Thirty-three minutes.
That’s all the time the University of Alabama softball team had to shake off the program’s worst home defeat in 21 years of play.
The ninth-ranked Crimson Tide lost 14-0 to South Carolina on Sunday in stunning fashion, its first loss at Rhoads Stadium this season. The margin of defeat matched the worst in school history.
Alabama (30-4 overall, 7-2 in SEC play) shook it off to take a 5-2 victory in the second game of the doubleheader to win the series.
In between games, UA soul-searched.
“It was pretty embarrassing,” said senior outfielder Chandler Dare. “It was bad. There is no excuse for it. We weren’t ready.”
The first game ended, fittingly, with an Alabama strikeout at 1:49 p.m. By 1:50, the scoreboard has been reset and head coach Patrick Murphy had the team in a circle in left field. He spoke for about two minutes.
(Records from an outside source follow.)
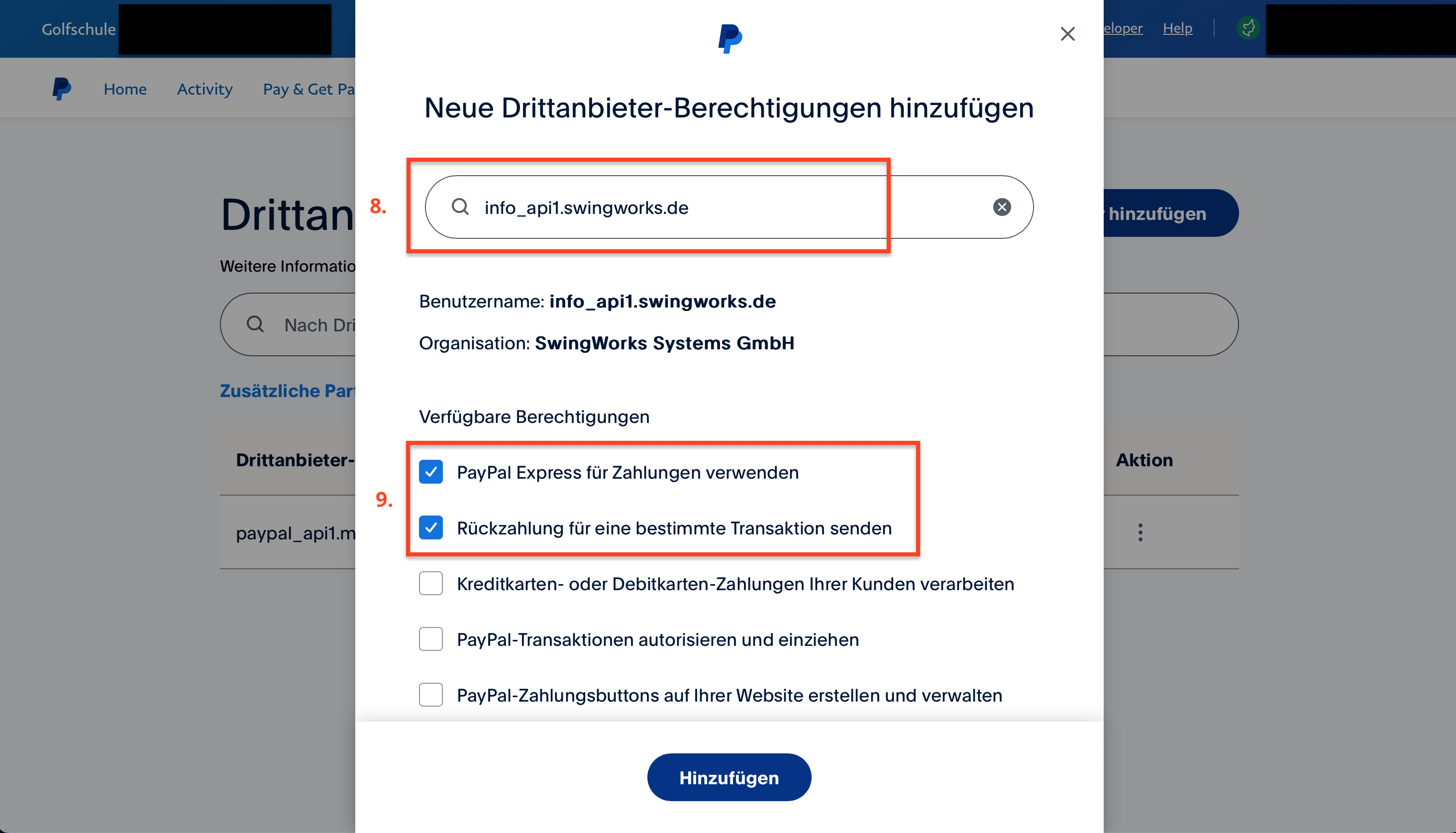 PayPal Schritt 8 9.png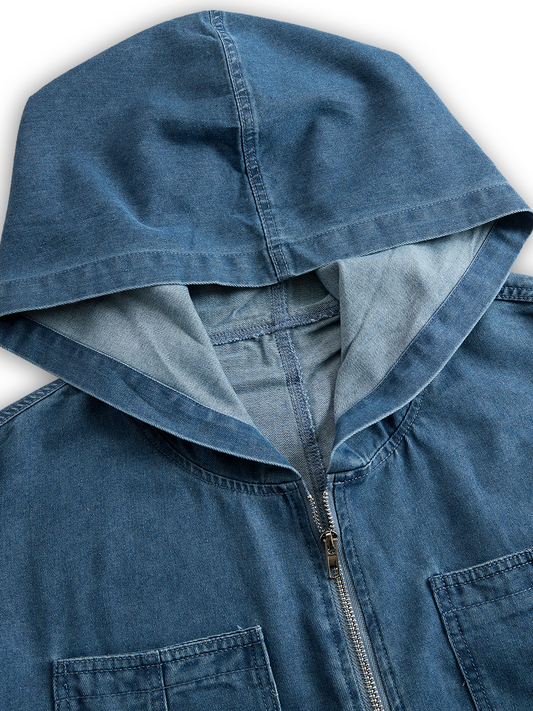 https://cdn.shopify.com/s/files/1/0628/2739/7364/files/1.3_0828874b-15a2-43c0-8da8-ed86c0973385.png?v=1762835450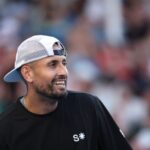 Foto od FADEL SENNA / AFP cez Getty Images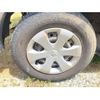 toyota passo 2011 -TOYOTA--Passo DBA-KGC30--KGC30-0073580---TOYOTA--Passo DBA-KGC30--KGC30-0073580- image 8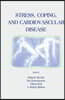 Stress, Coping, and Cardiovascular Disease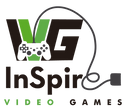 InSpireVideoGames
“Flush it,” he told the team. “Get it over with.”
Murphy didn’t see it coming, but he knows those kind of games happen.
“It’s one of those God-forsaken times in the game of softball and baseball,” he said. “If you do it long enough, you’re going to go through it.
“It’s just one of those that snowballed.”
After the postgame team meeting broke up, players went into their clubhouse. They ate catered turkey sandwiches.
“After something like that, nobody says anything,” Dare said. “People are talking, it’s just that we’re trying not to talk about that.”
Murphy went to the dugout and mulled over his lineup for the second game.
“What do you do?” he said. “You can’t move anybody up or down, because nobody did anything.”
In the clubhouse, assistant coach Alyson Habetz offered some advice on how to better approach South Carolina pitcher Nickie Blue, who had held UA to just two hits, both by second baseman Demi Turner.
Habetz also challenged the team.
“Basically, just you guys have to decide you want to win,” said outfielder Gabby Callaway. “We can beat anybody, we just didn’t show up.”
Dare tried to put the loss behind her.
“I just kind of went to my locker and just sat there thinking about what I was going to do next, the next pitch, the next whatever,” she said.
Players began to emerge from the clubhouse by 2:02 p.m. The grounds crew was watering the infield. Players put their cleats back on and began to make their way toward the dugout.
Across the field, South Carolina players kicked around a hacky sack, laughing and joking.
Alabama players weren’t laughing.
“It’s hard to lose by one and it just doesn’t seem real when they score 14 runs and we get one runner in scoring position,” Callaway said. “We just kind of put that in a box. You can’t get into everything that went wrong; there’s too much.”
At 2:15, the umpires returned. Two minutes later, the coaches met with the officials at home plate to exchange lineups.
At 2:19, Alabama players ran out onto the field. Three minutes later, the 33 minutes were up. Ready or not, Alabama had to play. Senior Sydney Littlejohn threw a strike to start the second game.
The turnaround wasn’t immediate or magical. South Carolina (21-11, 2-6 SEC) took a 2-0 lead in the top of the third inning on a single and back-to-back doubles by Kaylee Snaer and Mackenzie Boesel.
Singles by Callaway and Dare sparked UA in the bottom of the inning, and Alabama got an error-aided run to cut the lead. Most importantly, UA chased a tiring Blue.
In the fourth, Alabama loaded the bases and tied the game on a walk. Turner grounded out to drive in another run to give Alabama its first lead of the day at 3-2.
In the bottom of the sixth, UA added two insurance runs, with Callaway hitting an RBI double and scoring.
Littlejohn (11-1) held the Gamecocks to six hits with no walks and five strikeouts.
In the first game, the hitting was anemic and there were no real bright spots on defense or for the pitching. Alabama had two errors that were costly enough that only eight of South Carolina’s 14 runs were earned. Pitchers Alexis Osorio (16-2) and Madi Moore allowed a combined 13 hits and eight walks.
Alabama will host Kent State on Tuesday at 6 p.m.
“We’re not where we want to be,” Dare said. “We have a long way to go. We just see it as an opportunity to get better.”